In this report, we conduct an exploratory data analysis of a data set from the NYC Data Transparency Initiative. They maintain a database of complaints that fall within the Civilian Complain Review Board (CCRB), an independent municipal agency. Our objective is to identify interesting patterns and trends within the data that may be indicative of large scale trends.
The following figure shows number of complaints by year:
df <- read_excel("/Users/Himanshu/Desktop/ccrb_datatransparencyinitiative.xlsx")
## Warning in strptime(x, format, tz = tz): unknown timezone 'zone/tz/2018c.
## 1.0/zoneinfo/America/New_York'
ggplot(data = df, aes(x = `Received Year`, fill=`Received Year`)) +
geom_histogram(stat = 'count') +
labs(title="Complaints by Year", x="Received Year", y="Number of Complaints") +
theme(legend.position = "right") +
scale_fill_discrete(name="Received Year")
## Warning: Ignoring unknown parameters: binwidth, bins, pad
The following figure shows full investigations by year:
df <- read_excel("/Users/Himanshu/Desktop/ccrb_datatransparencyinitiative.xlsx")
ggplot(data = df, aes(x=`Received Year`, fill=`Is Full Investigation`)) +
geom_histogram(stat = 'count') +
labs(title="Full Investigation by Year", x="Year", y="Number of Complaints") +
theme(legend.position = "right") +
scale_fill_discrete(name="Full Investigation")
## Warning: Ignoring unknown parameters: binwidth, bins, pad
The following figure shows number of complaints by borrough:
df <- read_excel("/Users/Himanshu/Desktop/ccrb_datatransparencyinitiative.xlsx")
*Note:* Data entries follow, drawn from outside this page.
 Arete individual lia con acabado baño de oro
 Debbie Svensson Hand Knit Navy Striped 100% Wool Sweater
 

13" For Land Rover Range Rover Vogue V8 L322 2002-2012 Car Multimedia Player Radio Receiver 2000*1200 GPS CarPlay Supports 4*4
ggplot(data = df, aes(x=`Borough of Occurrence`, fill=`Borough of Occurrence`)) +
geom_histogram(stat = 'count') +
labs(title="Complaints by Borough", x="Borough", y="Number of Complaints") +
theme(legend.position = "right") +
scale_fill_discrete(name="Borough")
## Warning: Ignoring unknown parameters: binwidth, bins, pad
The following figure shows incident location by borough:
df <- read_excel("/Users/Himanshu/Desktop/ccrb_datatransparencyinitiative.xlsx")
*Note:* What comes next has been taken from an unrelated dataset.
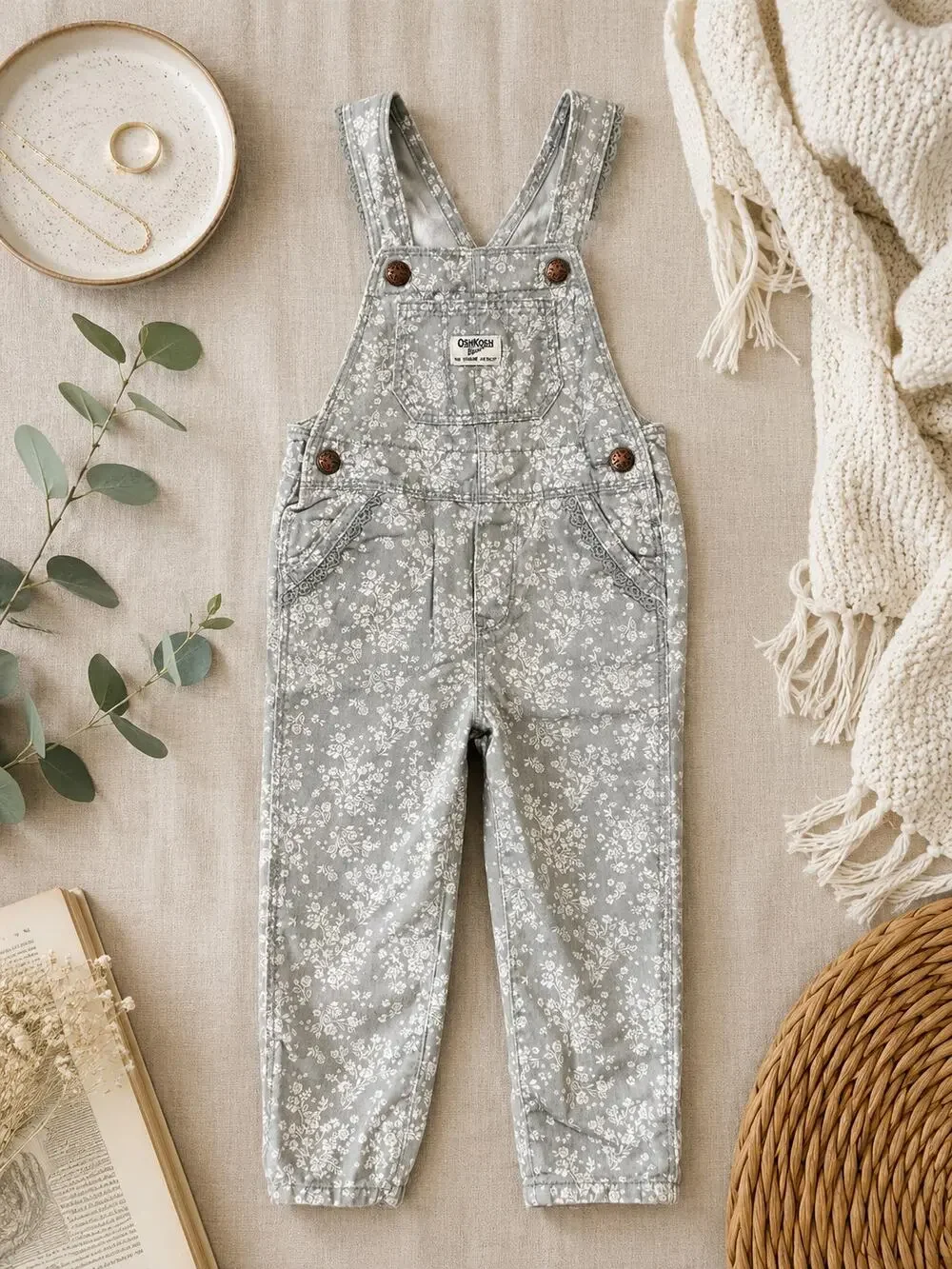 OshKosh B'gosh Girls Floral Overalls Sage Green White 2T Cotton Ditsy Flower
ggplot(data = df, aes(x=`Borough of Occurrence`, fill=`Incident Location`)) +
geom_histogram(stat = 'count') +
labs(title="Incident Location by Borough", x="Borough", y="Number of Complaints") +
theme(legend.position = "right") +
scale_fill_discrete(name="Incident Location")
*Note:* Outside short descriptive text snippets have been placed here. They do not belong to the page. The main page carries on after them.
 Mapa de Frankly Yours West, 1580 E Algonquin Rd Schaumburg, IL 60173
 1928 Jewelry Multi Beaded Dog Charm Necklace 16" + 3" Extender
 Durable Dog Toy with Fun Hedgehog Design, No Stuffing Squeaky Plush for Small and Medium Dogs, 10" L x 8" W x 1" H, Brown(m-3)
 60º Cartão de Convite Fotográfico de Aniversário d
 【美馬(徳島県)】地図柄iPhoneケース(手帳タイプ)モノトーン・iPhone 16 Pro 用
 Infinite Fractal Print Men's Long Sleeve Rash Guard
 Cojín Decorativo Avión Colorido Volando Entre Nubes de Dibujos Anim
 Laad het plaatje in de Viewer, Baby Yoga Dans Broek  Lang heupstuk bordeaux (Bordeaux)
## Warning: Ignoring unknown parameters: binwidth, bins, pad
The following figure shows outcome of encounter by borough:
df <- read_excel("/Users/Himanshu/Desktop/ccrb_datatransparencyinitiative.xlsx")
ggplot(data = df, aes(x=`Borough of Occurrence`, fill=`Encounter Outcome`)) +
geom_histogram(stat = 'count') +
labs(title="Encounter Outcome by Borough", x="Borough", y="Number of Complaints") +
theme(legend.position = "right") +
scale_fill_discrete(name="Encounter Outcome")
## Warning: Ignoring unknown parameters: binwidth, bins, pad
The following figure shows full investigations by borough:
df <- read_excel("/Users/Himanshu/Desktop/ccrb_datatransparencyinitiative.xlsx")
ggplot(data = df, aes(x=`Borough of Occurrence`, fill=`Is Full Investigation`)) +
geom_histogram(stat = 'count') +
labs(title="Full Investigation in Borough", x="Borough", y="Number of Complaints") +
theme(legend.position = "right") +
scale_fill_discrete(name="Full Investigation")
## Warning: Ignoring unknown parameters: binwidth, bins, pad
The following figure shows number of complaints by the place of complaint in the borough:
df <- read_excel("/Users/Himanshu/Desktop/ccrb_datatransparencyinitiative.xlsx")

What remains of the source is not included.